Before I begin the review of Snake Eyes, I want to clearly state that I like Brian De Palma. He may not always have the best scripts for his films but I've enjoyed a lot of what he's made. The Untouchables is an action masterpiece, Body Double and Dressed to Kill are classic suspense/thrillers, and Mission: Impossible is an entertaining and flashy action/adventure. So, it's natural to have some sort of high expectations while watching Snake Eyes. I just had no idea the movie would be this awful.
The film's plot really means nothing as it's just a way to show off some visual style, and boy does the movie begin with style. For the first twelve minutes I did not notice a single cut in the camera. It's just one long movement that focuses on Nicolas Cage, who plays Atlantic City police detective Rick Santoro. The camera finally ends its long run with the assassination of the Secretary of Defense and what results afterward is a bland and predictable film with implausibilities that would make a child feel insulted.
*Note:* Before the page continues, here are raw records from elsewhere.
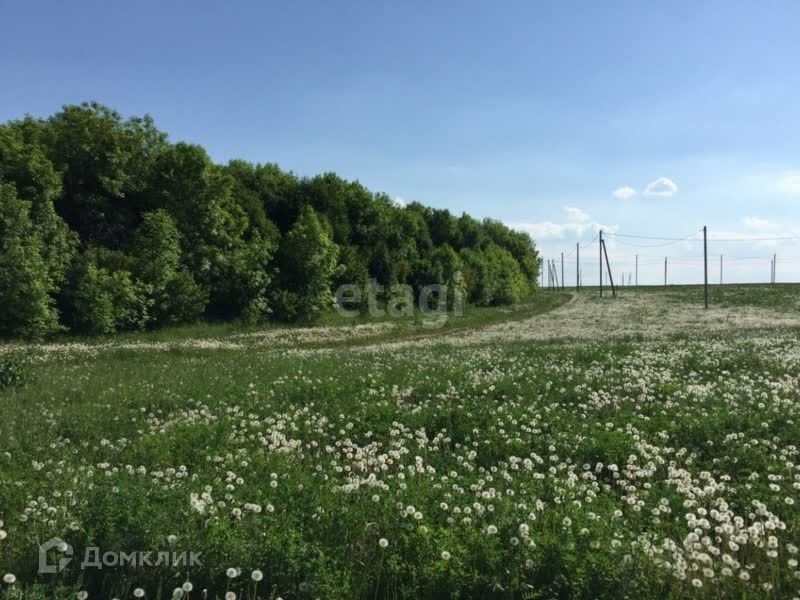 земля р-н Тукаевский Республика Татарстан Татарстан, деревня Кулушево фото 1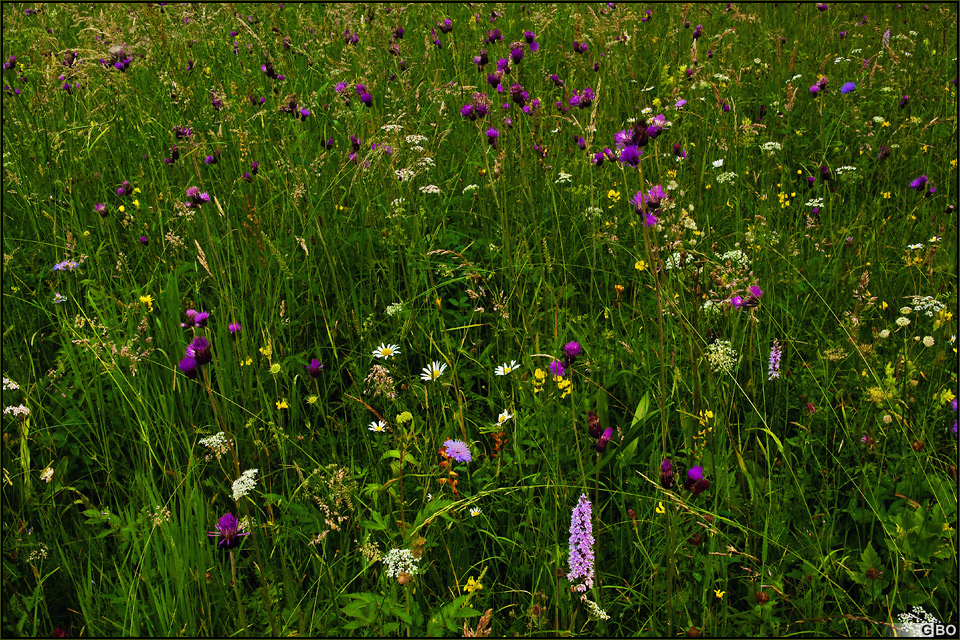 einfach eine Sommerwiese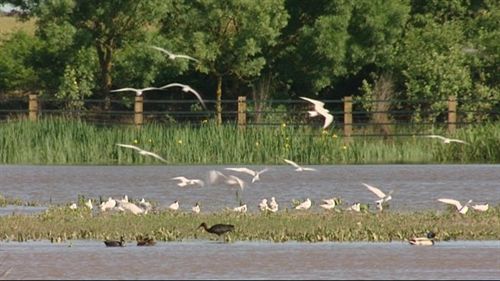Presentada Cuadernos de campo de Doñana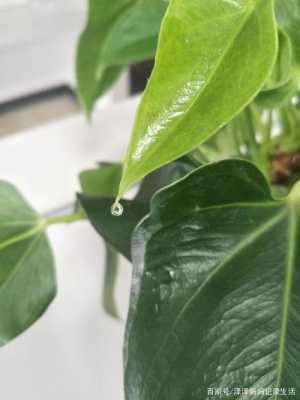 盆栽植物叶子上总有水滴是怎么回事？叶子的小盆栽植物图片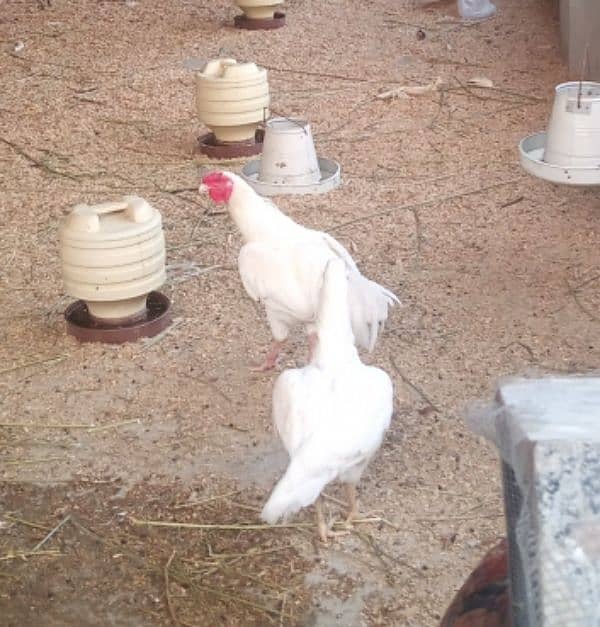 hen for sell 15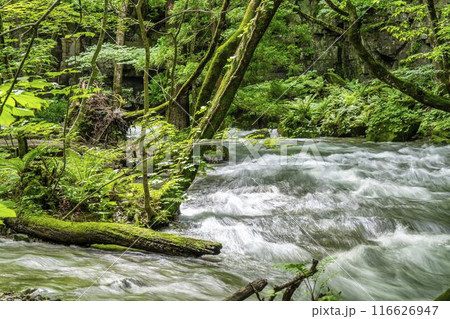 夏の奥入瀬渓流　奥入瀬川の流れ　青森県十和田市 116626947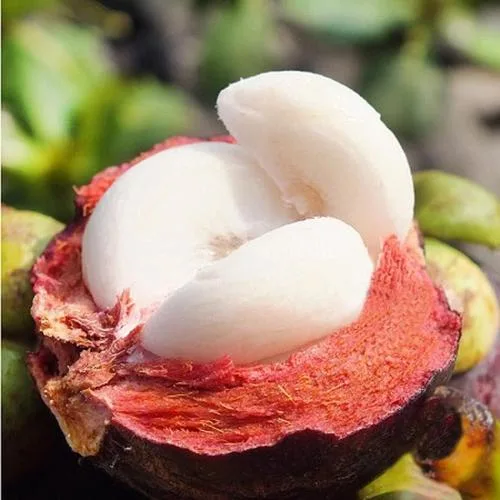 Factory Price 10%~40% Mangostin Mangosteen Extract CAS 6147-11-1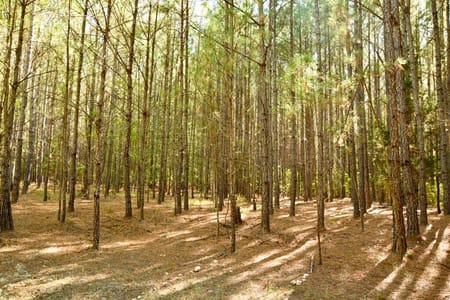 Lincolnton, GA 30817 Lincoln County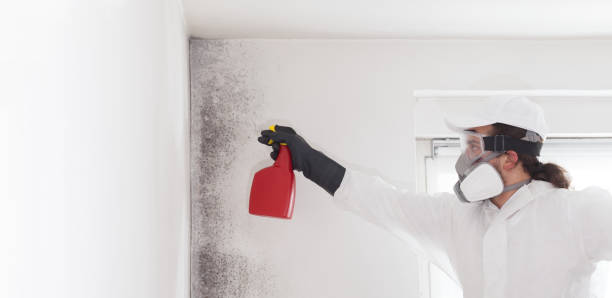 Best Emergency Mold Removal  in Yankton, SD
Is it that bad? Well, some people might actually enjoy the movie but it's basically a complete letdown. What's wrong with it? Well, De Palma has crafted some meticulous and unbearably suspenseful thrillers (the above mentioned Body Double and Dressed to Kill). Snake Eyes does not fit into that description. Instead, it's an incoherent story with some really bad plot twists (if you call those twists) that lead to the answer to a mystery in which the audience already knew before even watching the movie. Acting wise, only Cage stays away from blandness. Hey, De Palma even saved the worst for last: an extremely terrible conclusion that is so dumb that it makes you wonder how the producers and studio executives could have watched it and not demand major changes. Then again, they probably already noticed how awful the movie was before all that and figured changing the ending entirely would have been useless.
Do yourself a favor and watch the other De Palma films I mentioned. Don't waste your time with this dud.